What is required: A full, exact copy of the records below is the required answer.

----

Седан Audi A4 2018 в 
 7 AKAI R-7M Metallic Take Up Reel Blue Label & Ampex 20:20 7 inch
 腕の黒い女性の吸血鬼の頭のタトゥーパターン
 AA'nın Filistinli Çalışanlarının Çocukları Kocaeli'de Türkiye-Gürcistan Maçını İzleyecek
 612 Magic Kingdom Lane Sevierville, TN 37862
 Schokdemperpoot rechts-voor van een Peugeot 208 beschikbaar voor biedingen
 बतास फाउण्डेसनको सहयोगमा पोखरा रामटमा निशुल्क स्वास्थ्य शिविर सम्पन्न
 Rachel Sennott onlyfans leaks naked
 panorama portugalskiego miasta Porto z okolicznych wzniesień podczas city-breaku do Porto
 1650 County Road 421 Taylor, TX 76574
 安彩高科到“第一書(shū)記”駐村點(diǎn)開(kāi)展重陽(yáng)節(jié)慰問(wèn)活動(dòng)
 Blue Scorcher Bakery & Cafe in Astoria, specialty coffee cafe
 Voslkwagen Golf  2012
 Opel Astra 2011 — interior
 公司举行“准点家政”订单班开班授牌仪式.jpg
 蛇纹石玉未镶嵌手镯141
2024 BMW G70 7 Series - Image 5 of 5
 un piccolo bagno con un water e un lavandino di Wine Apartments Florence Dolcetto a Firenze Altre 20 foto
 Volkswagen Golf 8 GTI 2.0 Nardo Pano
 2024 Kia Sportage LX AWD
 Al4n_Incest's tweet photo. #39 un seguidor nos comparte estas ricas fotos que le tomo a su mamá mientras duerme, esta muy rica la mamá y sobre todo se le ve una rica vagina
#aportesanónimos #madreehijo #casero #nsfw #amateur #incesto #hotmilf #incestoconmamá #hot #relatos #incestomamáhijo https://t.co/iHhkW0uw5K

----

Result for this exercise:
Седан Audi A4 2018 в 
 7 AKAI R-7M Metallic Take Up Reel Blue Label & Ampex 20:20 7 inch
 腕の黒い女性の吸血鬼の頭のタトゥーパターン
 AA'nın Filistinli Çalışanlarının Çocukları Kocaeli'de Türkiye-Gürcistan Maçını İzleyecek
 612 Magic Kingdom Lane Sevierville, TN 37862
 Schokdemperpoot rechts-voor van een Peugeot 208 beschikbaar voor biedingen
 बतास फाउण्डेसनको सहयोगमा पोखरा रामटमा निशुल्क स्वास्थ्य शिविर सम्पन्न
 Rachel Sennott onlyfans leaks naked
 panorama portugalskiego miasta Porto z okolicznych wzniesień podczas city-breaku do Porto
 1650 County Road 421 Taylor, TX 76574
 安彩高科到“第一書(shū)記”駐村點(diǎn)開(kāi)展重陽(yáng)節(jié)慰問(wèn)活動(dòng)
 Blue Scorcher Bakery & Cafe in Astoria, specialty coffee cafe
 Voslkwagen Golf  2012
 Opel Astra 2011 — interior
 公司举行“准点家政”订单班开班授牌仪式.jpg
 蛇纹石玉未镶嵌手镯141
2024 BMW G70 7 Series - Image 5 of 5
 un piccolo bagno con un water e un lavandino di Wine Apartments Florence Dolcetto a Firenze Altre 20 foto
 Volkswagen Golf 8 GTI 2.0 Nardo Pano
 2024 Kia Sportage LX AWD
 Al4n_Incest's tweet photo. #39 un seguidor nos comparte estas ricas fotos que le tomo a su mamá mientras duerme, esta muy rica la mamá y sobre todo se le ve una rica vagina
#aportesanónimos #madreehijo #casero #nsfw #amateur #incesto #hotmilf #incestoconmamá #hot #relatos #incestomamáhijo https://t.co/iHhkW0uw5K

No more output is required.